エージェントによる対応が不要なキャンペーンでは、管理者はエージェントレスダイヤラーを利用できます。これにより、エージェントを介さずに、録音済みのメッセージを再生したり、ボイスメールを残したりすることが可能です。エージェントが発信前に連絡先の詳細を確認する必要がある場合は、プレビューダイヤラーを利用できます。コンテキストが提供されるため、エージェントはそれぞれの連絡先に合わせてパーソナライズされた対応を行うことができます。
発信音声プログレッシブダイヤラーを設定するための要件
連絡先リストの作成方法
発信キャンペーンを設定する前に、発信ダイヤラーキャンペーン用の連絡先リストを作成する必要があります。これらの連絡先は、アドレス帳(既知の顧客)、サードパーティー、またはその他のリソースから取得できます。また、連絡先APIを使用して連絡先を追加することもできます。
- Zoomウェブポータルにサインインします。
- ナビゲーションメニューで、[コンタクトセンター管理]、[キャンペーン管理] の順にクリックします。

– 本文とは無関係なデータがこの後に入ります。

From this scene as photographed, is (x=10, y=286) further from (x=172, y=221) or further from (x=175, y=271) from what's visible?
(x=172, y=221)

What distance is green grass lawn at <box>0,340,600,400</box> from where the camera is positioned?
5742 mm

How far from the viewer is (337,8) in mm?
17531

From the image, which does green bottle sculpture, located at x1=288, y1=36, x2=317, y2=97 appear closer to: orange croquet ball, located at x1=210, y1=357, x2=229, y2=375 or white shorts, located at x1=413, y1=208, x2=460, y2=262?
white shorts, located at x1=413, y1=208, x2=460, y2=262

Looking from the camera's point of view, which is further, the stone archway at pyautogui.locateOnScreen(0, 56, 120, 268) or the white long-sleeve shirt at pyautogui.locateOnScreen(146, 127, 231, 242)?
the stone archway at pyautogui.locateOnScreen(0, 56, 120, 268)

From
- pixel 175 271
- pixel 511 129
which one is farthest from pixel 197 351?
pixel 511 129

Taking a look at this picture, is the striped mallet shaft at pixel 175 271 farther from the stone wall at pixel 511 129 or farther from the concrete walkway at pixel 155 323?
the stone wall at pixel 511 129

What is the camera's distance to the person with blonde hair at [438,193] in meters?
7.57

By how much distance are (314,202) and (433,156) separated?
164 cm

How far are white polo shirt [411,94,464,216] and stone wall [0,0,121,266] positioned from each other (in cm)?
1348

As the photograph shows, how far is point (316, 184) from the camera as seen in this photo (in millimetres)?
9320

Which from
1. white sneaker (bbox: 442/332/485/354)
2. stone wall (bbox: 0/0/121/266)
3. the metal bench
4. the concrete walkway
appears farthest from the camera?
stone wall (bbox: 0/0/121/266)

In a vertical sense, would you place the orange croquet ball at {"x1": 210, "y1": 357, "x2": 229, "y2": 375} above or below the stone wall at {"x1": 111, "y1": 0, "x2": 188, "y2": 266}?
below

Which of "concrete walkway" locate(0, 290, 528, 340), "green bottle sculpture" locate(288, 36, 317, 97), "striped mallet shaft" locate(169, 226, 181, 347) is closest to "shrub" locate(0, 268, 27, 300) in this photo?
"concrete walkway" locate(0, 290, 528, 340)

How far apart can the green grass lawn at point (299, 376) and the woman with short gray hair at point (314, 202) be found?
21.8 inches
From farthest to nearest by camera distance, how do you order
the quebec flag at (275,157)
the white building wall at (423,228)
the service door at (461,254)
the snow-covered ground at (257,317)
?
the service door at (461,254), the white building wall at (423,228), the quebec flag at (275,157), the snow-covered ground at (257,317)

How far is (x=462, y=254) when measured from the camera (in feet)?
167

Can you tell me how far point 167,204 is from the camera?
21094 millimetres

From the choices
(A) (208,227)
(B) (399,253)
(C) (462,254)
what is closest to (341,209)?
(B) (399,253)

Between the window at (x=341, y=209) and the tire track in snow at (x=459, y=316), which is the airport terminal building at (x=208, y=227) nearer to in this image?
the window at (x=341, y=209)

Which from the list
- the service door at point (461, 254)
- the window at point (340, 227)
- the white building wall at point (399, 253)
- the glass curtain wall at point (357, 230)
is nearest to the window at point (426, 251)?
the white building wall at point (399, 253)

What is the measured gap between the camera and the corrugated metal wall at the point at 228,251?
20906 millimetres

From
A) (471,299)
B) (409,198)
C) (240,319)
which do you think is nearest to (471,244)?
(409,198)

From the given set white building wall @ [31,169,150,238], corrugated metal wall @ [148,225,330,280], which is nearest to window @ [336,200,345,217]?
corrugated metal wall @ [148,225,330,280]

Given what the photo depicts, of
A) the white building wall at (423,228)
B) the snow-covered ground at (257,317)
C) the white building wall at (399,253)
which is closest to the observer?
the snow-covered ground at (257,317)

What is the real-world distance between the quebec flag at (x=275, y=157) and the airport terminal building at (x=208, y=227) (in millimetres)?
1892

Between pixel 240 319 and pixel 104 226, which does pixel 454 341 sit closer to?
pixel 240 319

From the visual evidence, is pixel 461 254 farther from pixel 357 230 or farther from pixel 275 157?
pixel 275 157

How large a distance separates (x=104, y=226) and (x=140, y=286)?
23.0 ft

- [連絡先] タブで、[リストを作成] をクリックします。
- 連絡先リストの内部管理用の名前と説明を入力し、[追加] をクリックします。
- 以下のセクションのいずれかに従って、CSVをインポートするか、連絡先を手動で追加します。
手動で連絡先を追加する
注: この連絡先はキャンペーンの連絡先リストにのみ登録され、アドレス帳には追加されません。
- [連絡先を追加] をクリックします。
- フィールドに入力し、[保存] をクリックして連絡先を手動で追加します。
アドレス帳から連絡先をインポートする
注: この方法では、選択したアドレス帳内のすべての連絡先がインポートされます。連絡先リストから連絡先を後で削除することもできます。
- [インポート] をクリックします。
- [アドレス帳からインポート] を選択します。
- 連絡先リストにインポートするアドレス帳を選択します。
- [追加] をクリックします。
CSVファイルから連絡先をインポートする
- [インポート] をクリックします。
- [CSVファイルをアップロード] を選択します。
- ウェブポータルで [CSVサンプルをダウンロード] をクリックしてサンプルCSVファイルをダウンロードし、フィールドを表示します。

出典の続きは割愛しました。